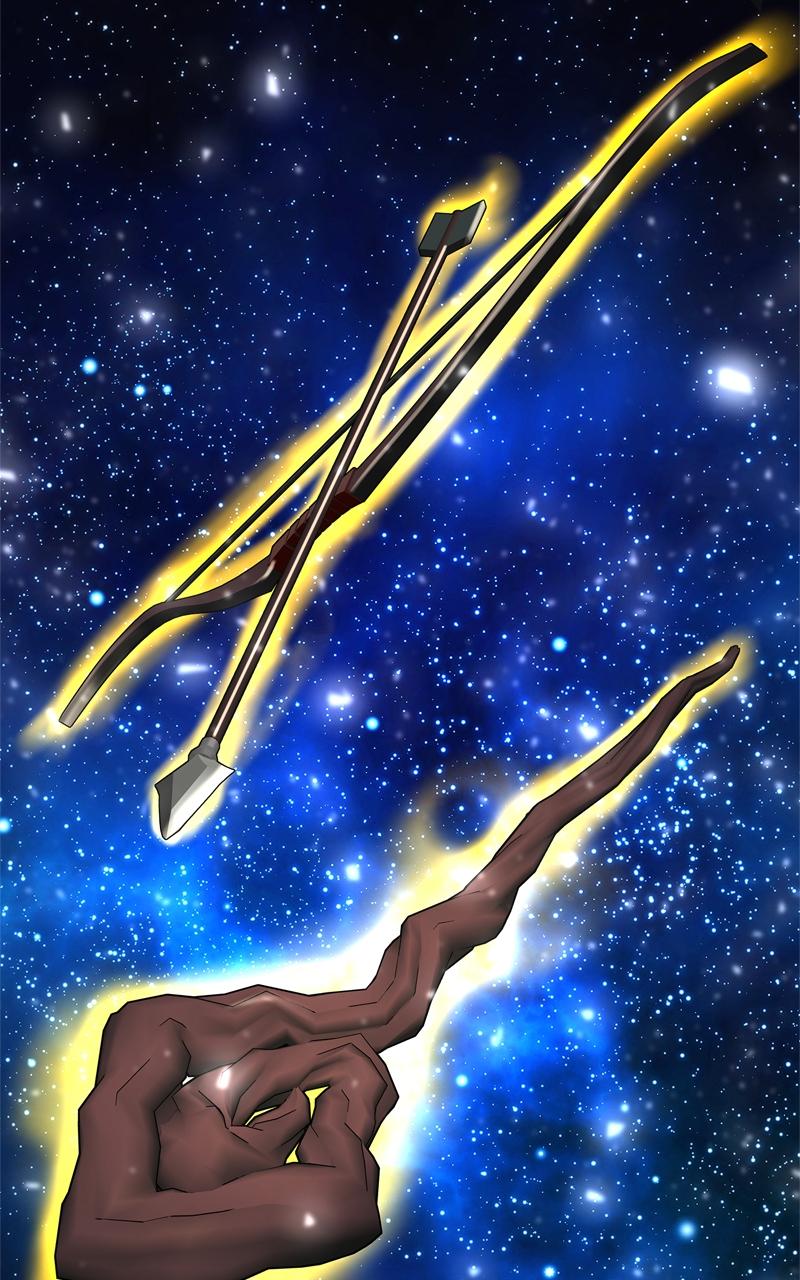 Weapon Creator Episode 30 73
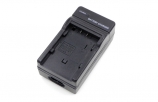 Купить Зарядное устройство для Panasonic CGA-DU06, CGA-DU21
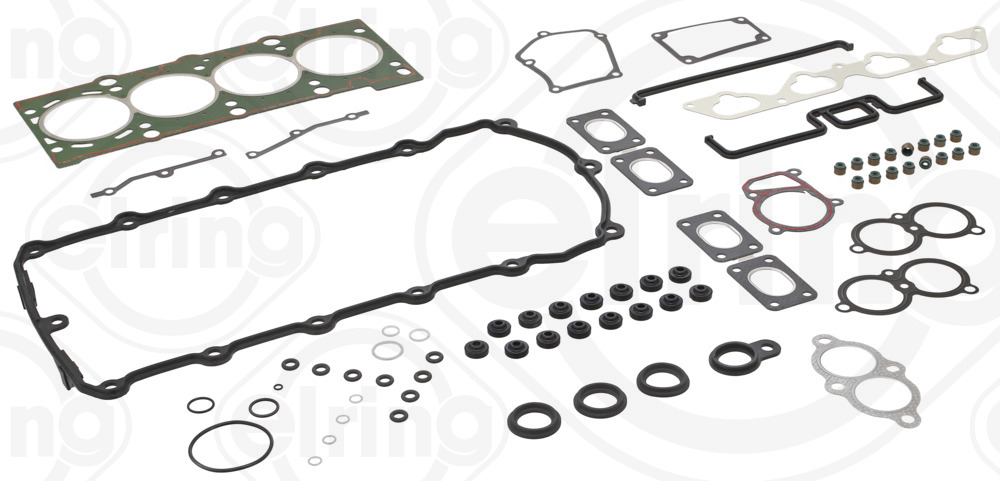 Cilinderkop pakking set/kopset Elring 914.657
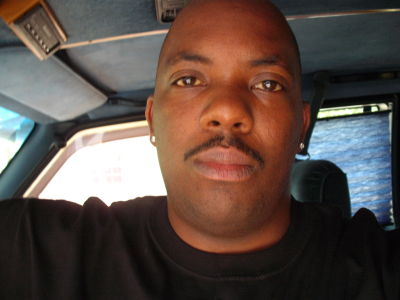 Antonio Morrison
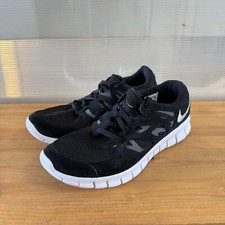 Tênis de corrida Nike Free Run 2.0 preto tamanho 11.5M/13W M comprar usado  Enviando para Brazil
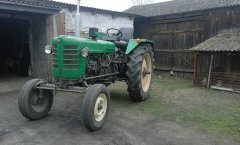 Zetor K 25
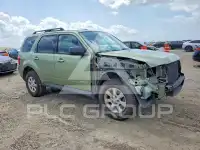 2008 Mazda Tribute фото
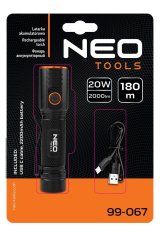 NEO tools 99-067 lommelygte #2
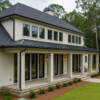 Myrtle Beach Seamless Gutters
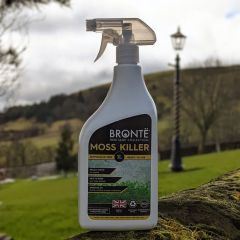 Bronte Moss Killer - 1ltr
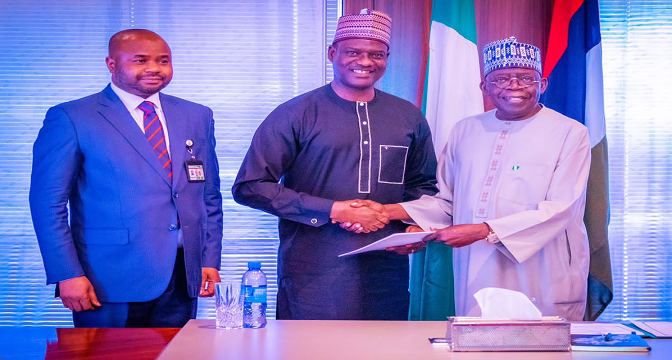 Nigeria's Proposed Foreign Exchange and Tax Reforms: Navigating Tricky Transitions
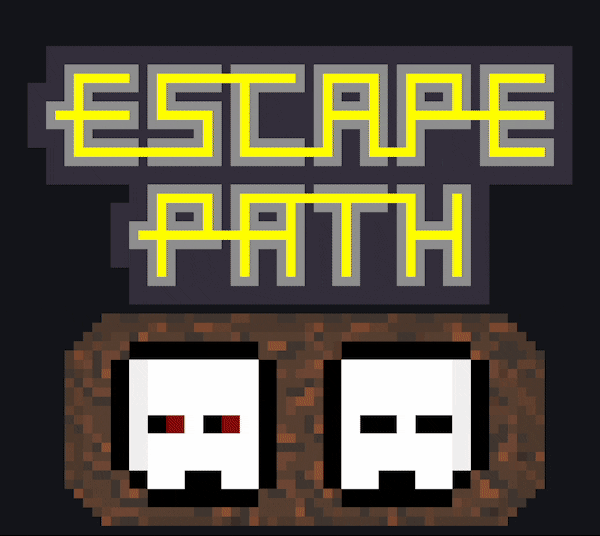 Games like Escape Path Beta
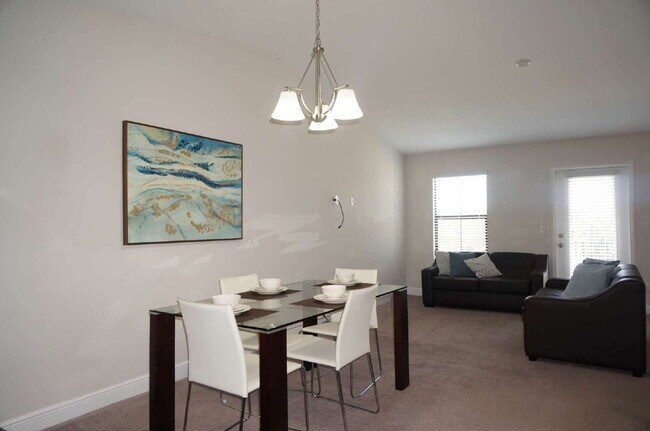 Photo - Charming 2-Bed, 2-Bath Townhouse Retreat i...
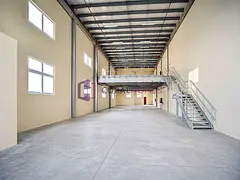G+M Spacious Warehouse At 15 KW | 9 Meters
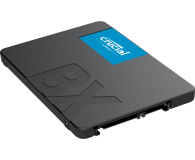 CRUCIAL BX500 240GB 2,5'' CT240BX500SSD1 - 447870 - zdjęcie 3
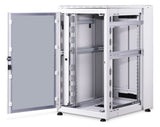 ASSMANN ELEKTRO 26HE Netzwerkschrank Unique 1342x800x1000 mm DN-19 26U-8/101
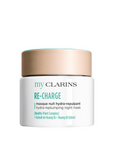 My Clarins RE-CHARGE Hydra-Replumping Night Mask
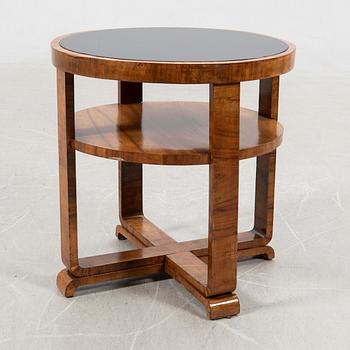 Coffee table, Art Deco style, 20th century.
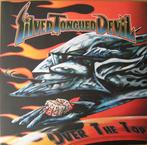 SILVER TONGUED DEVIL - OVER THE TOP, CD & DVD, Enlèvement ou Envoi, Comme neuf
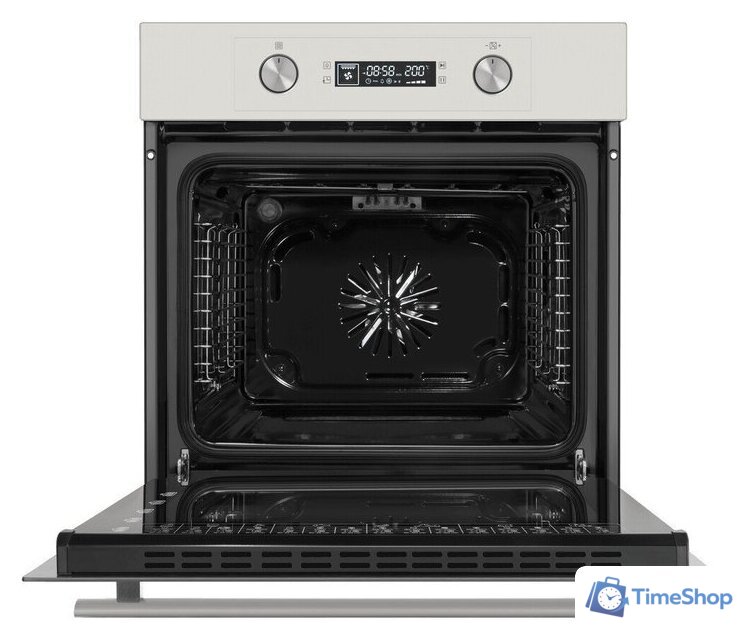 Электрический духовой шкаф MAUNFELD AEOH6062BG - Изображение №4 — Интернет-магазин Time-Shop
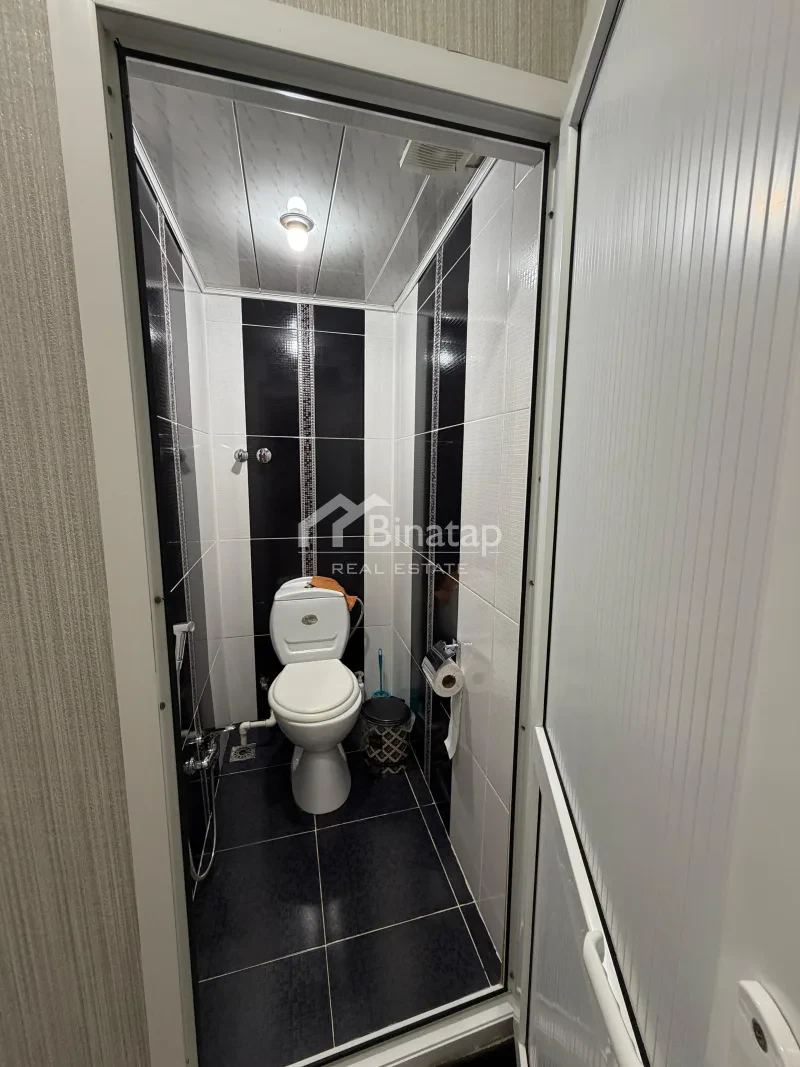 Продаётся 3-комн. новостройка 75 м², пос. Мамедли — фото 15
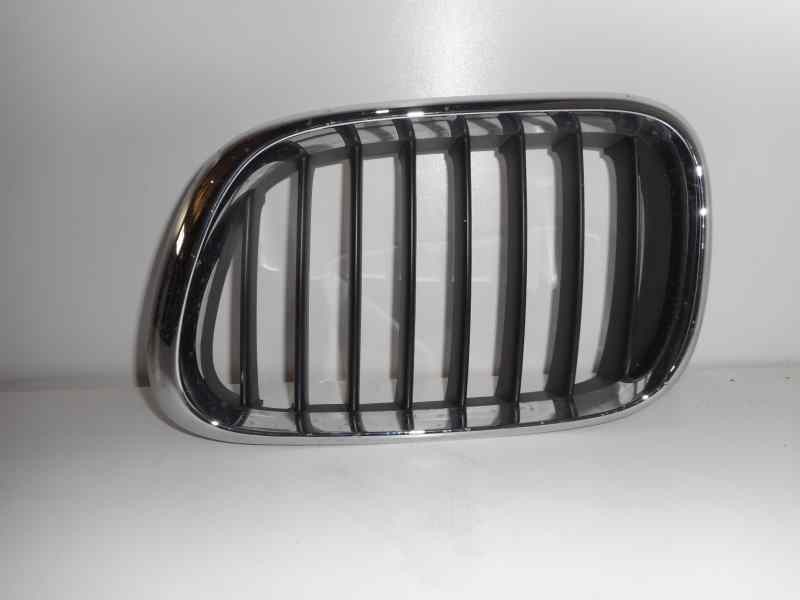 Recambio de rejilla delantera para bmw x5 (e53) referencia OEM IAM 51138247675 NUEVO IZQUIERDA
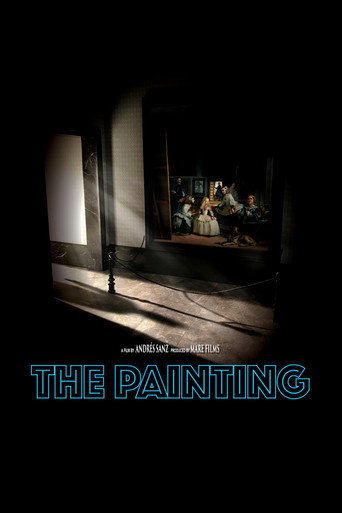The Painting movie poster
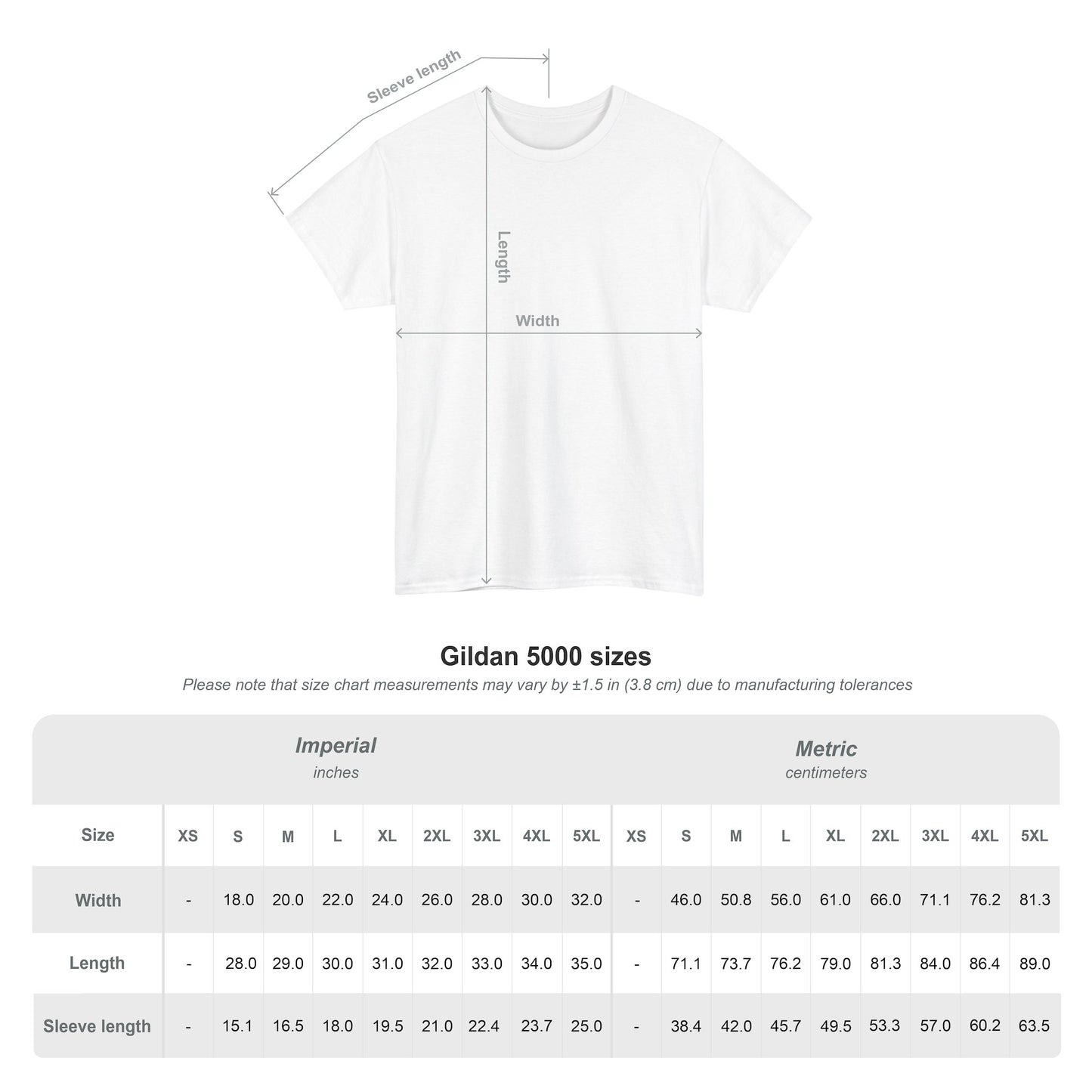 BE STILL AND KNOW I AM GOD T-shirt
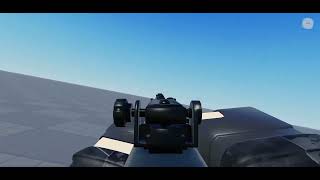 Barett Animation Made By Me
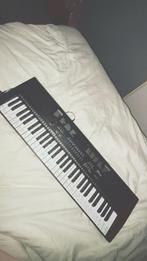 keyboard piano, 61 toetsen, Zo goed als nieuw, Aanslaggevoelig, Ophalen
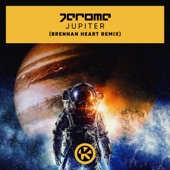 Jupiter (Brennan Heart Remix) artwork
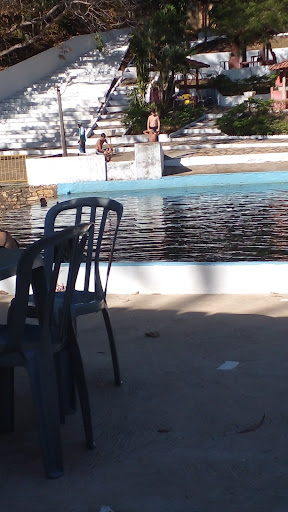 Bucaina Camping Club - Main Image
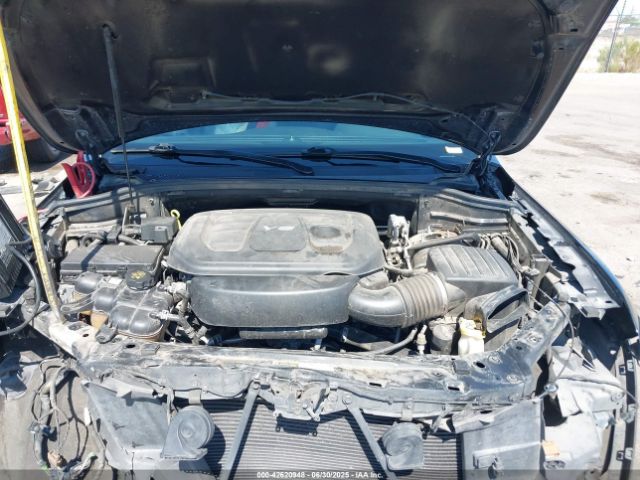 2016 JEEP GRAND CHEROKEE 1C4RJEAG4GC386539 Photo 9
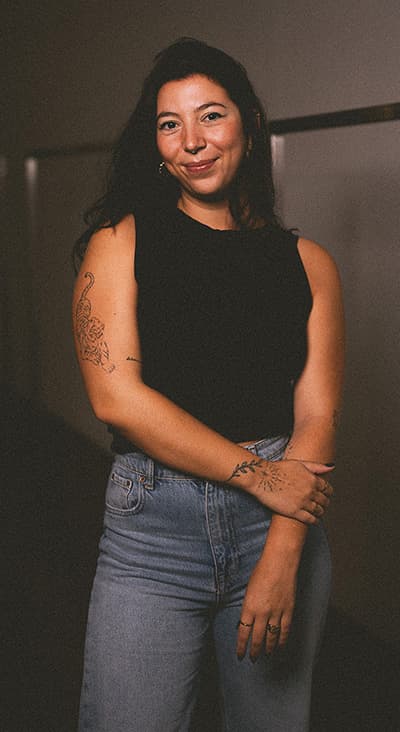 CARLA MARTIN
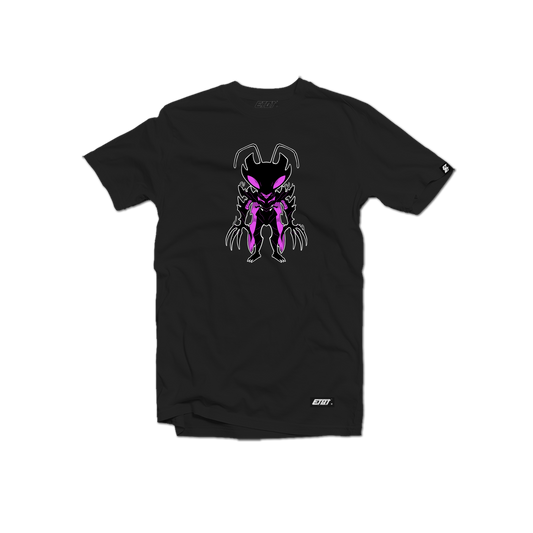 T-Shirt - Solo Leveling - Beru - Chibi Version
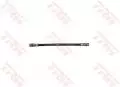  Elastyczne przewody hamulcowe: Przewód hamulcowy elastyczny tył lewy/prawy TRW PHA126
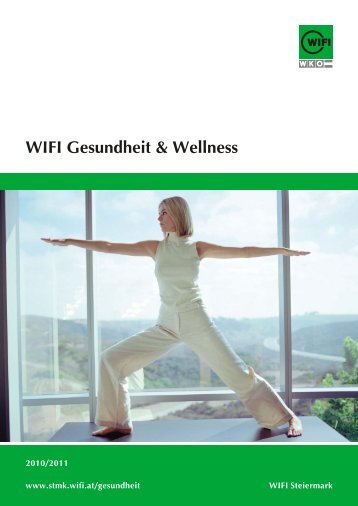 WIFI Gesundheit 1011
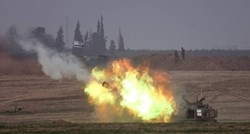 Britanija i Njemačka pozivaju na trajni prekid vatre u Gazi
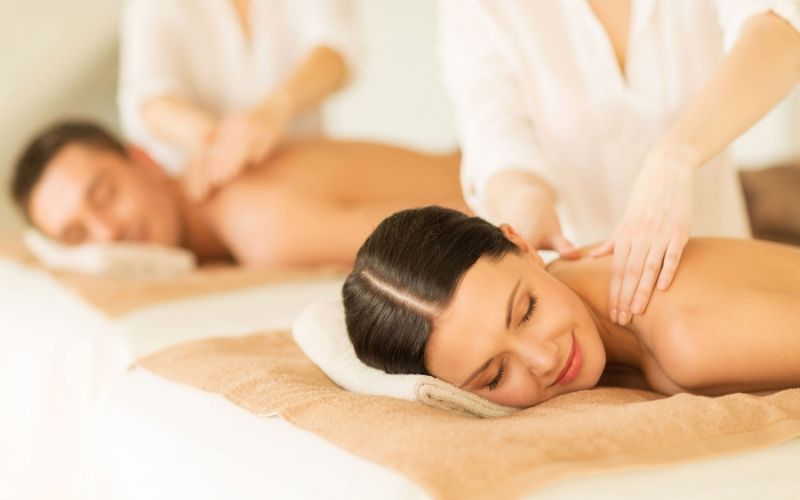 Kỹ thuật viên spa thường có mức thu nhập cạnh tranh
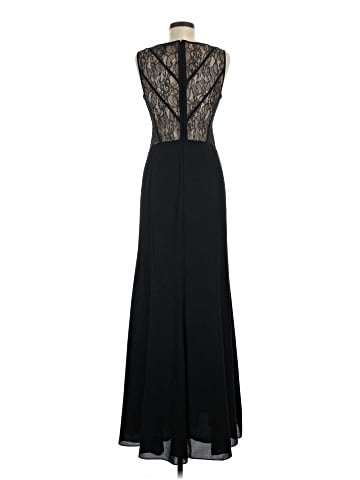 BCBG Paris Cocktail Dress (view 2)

^^^^^^^^

▸ **Exercise**
The lines from the one that contains "WIFI Gesundheit 1011" through the end of the data, repeated exactly and with no pictures, make up the whole answer.

▸ **Expected answer**
 WIFI Gesundheit 1011
 Britanija i Njemačka pozivaju na trajni prekid vatre u Gazi
 Kỹ thuật viên spa thường có mức thu nhập cạnh tranh
 BCBG Paris Cocktail Dress (view 2)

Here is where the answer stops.